Below are records; copy every line among them that contains the word "Metallic".

Extracted records:
++++++++

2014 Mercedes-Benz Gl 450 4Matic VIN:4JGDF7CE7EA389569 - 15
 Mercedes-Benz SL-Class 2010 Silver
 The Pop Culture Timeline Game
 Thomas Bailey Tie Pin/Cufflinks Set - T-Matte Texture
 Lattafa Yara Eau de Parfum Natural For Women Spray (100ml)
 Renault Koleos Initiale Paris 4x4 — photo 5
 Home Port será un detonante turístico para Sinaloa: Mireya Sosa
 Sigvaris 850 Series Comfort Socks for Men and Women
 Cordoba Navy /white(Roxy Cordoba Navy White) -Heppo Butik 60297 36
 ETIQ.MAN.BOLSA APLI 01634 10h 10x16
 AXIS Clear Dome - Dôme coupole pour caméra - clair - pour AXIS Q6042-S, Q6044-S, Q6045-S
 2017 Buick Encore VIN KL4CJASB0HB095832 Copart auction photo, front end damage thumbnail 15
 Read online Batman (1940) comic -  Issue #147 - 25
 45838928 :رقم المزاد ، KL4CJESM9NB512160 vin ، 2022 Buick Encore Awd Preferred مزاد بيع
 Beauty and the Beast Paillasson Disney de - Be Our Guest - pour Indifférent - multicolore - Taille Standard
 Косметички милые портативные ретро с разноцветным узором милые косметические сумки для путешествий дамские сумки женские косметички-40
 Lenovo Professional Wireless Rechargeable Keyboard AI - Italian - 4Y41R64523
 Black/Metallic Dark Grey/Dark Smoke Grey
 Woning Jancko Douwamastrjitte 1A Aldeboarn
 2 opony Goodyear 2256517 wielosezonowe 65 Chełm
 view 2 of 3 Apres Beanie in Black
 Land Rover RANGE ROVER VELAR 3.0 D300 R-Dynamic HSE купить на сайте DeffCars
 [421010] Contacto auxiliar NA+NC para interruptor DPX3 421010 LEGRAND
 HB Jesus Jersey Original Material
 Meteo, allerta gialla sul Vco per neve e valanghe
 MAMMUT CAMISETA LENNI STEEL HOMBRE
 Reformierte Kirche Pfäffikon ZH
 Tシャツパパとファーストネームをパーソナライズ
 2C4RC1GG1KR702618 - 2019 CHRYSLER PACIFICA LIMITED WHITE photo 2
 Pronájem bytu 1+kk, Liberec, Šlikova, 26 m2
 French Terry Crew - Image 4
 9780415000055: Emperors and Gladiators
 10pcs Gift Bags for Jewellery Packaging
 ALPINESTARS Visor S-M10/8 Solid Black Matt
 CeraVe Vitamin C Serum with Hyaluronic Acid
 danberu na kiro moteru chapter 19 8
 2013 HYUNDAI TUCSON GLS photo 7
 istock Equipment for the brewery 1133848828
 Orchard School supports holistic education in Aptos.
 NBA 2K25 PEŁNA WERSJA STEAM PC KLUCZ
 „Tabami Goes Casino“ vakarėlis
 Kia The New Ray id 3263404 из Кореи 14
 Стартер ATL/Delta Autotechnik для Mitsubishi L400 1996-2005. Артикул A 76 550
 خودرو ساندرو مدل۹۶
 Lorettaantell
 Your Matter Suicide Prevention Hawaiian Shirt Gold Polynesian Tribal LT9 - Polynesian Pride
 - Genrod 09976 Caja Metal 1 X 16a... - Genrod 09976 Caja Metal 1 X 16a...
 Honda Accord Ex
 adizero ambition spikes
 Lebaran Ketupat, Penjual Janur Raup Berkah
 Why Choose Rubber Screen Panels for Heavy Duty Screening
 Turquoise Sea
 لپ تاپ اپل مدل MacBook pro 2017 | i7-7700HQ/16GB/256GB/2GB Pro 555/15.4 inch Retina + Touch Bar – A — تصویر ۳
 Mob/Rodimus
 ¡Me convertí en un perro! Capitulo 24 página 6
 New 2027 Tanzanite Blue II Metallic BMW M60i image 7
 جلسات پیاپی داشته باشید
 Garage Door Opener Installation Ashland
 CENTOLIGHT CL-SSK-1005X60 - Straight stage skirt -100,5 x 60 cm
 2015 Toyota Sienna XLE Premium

++++++++

### FINISHED TASK:
 Black/Metallic Dark Grey/Dark Smoke Grey
 New 2027 Tanzanite Blue II Metallic BMW M60i image 7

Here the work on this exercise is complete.